*** EXERCISE DATA ***

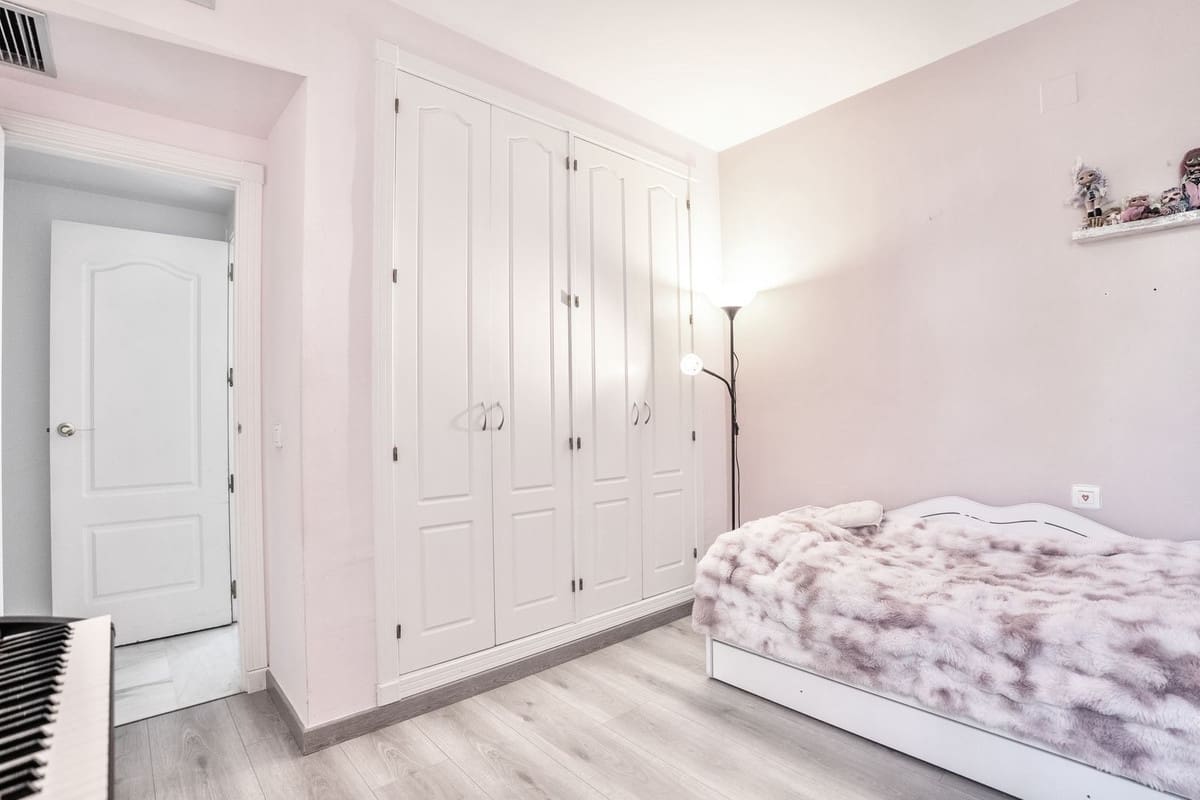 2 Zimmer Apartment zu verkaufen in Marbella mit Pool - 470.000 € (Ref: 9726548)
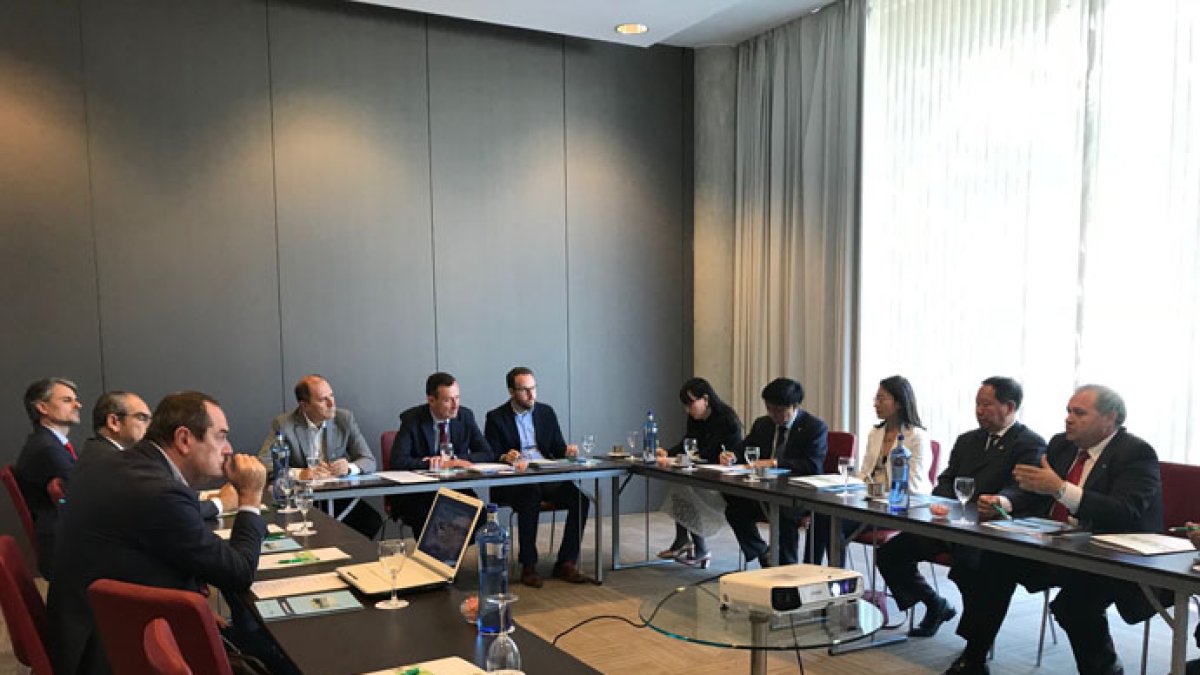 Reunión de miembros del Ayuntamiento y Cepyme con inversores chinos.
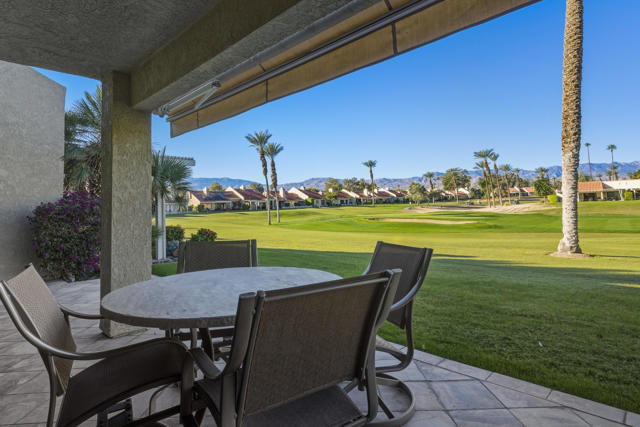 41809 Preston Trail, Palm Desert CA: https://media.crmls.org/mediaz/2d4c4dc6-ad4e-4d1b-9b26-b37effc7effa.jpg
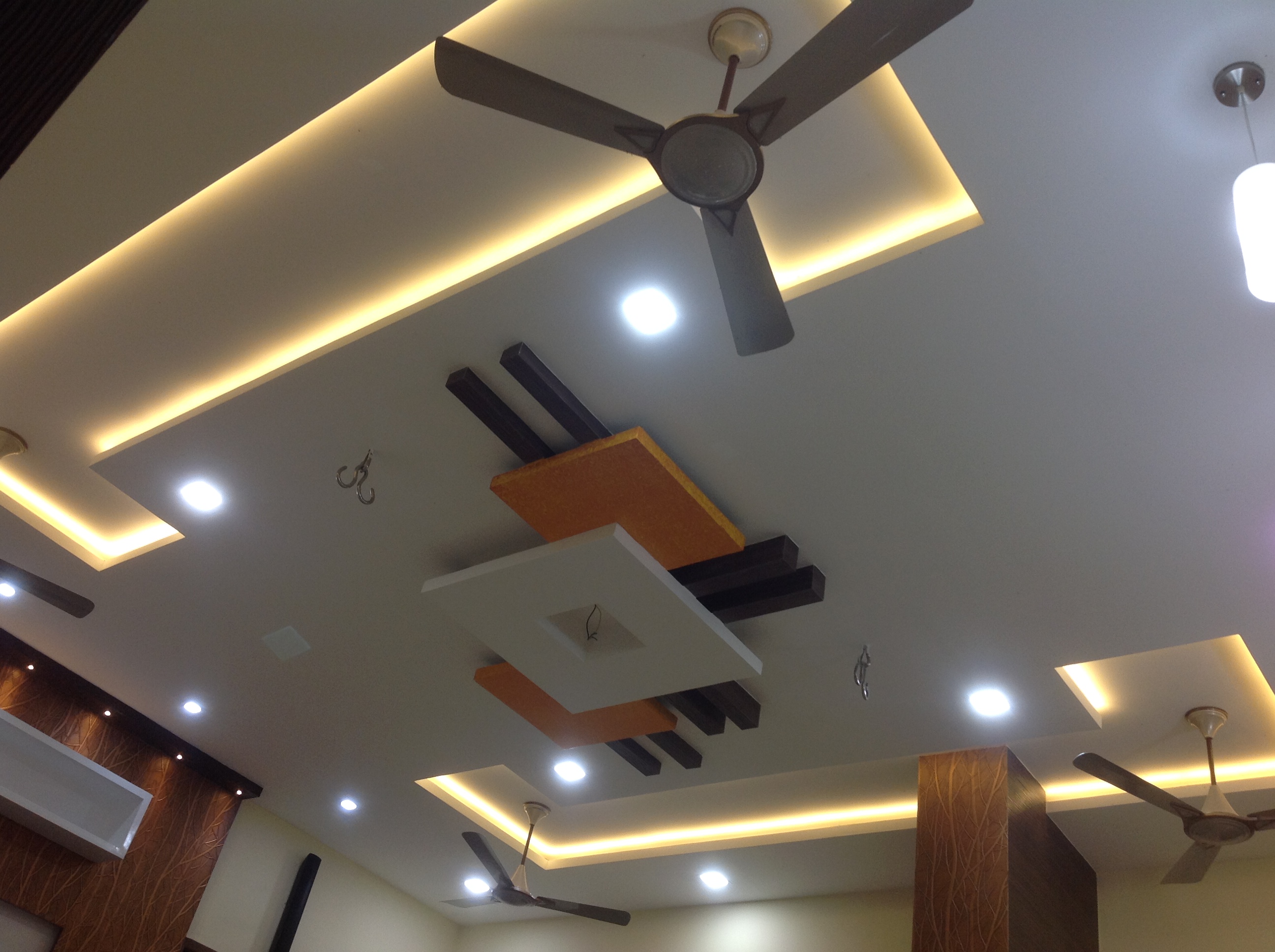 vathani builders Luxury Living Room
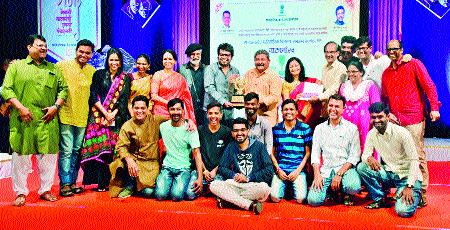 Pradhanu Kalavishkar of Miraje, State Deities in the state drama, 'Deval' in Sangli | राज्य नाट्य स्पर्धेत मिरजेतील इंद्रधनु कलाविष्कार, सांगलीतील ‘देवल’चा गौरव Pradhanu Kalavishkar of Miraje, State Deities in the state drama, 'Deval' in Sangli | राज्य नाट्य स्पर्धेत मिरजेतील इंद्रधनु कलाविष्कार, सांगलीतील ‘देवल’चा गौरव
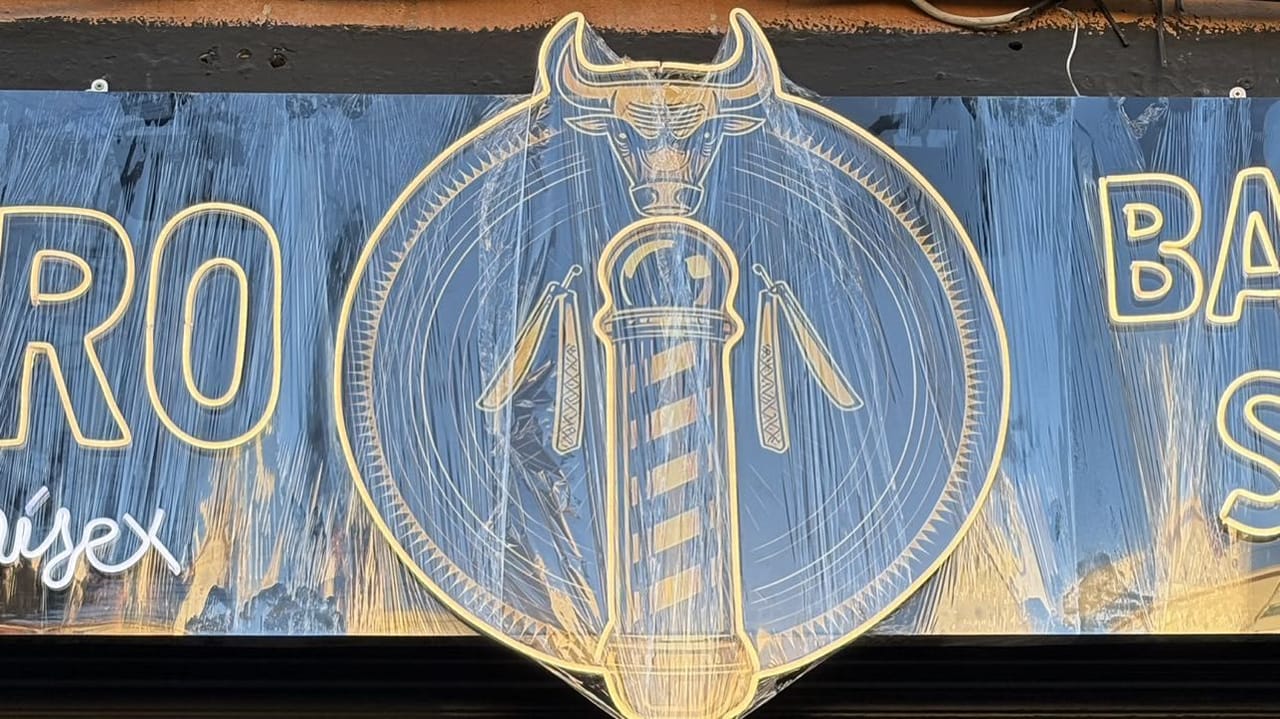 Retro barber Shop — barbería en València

*** End of EXERCISE DATA ***

→ TASK TO CARRY OUT
Repeat each line of the records above exactly, but do not copy the pictures.

→ RESPONSE BELOW
 2 Zimmer Apartment zu verkaufen in Marbella mit Pool - 470.000 € (Ref: 9726548)
 Reunión de miembros del Ayuntamiento y Cepyme con inversores chinos.
 41809 Preston Trail, Palm Desert CA: https://media.crmls.org/mediaz/2d4c4dc6-ad4e-4d1b-9b26-b37effc7effa.jpg
 vathani builders Luxury Living Room
 Pradhanu Kalavishkar of Miraje, State Deities in the state drama, 'Deval' in Sangli | राज्य नाट्य स्पर्धेत मिरजेतील इंद्रधनु कलाविष्कार, सांगलीतील ‘देवल’चा गौरव Pradhanu Kalavishkar of Miraje, State Deities in the state drama, 'Deval' in Sangli | राज्य नाट्य स्पर्धेत मिरजेतील इंद्रधनु कलाविष्कार, सांगलीतील ‘देवल’चा गौरव
 Retro barber Shop — barbería en València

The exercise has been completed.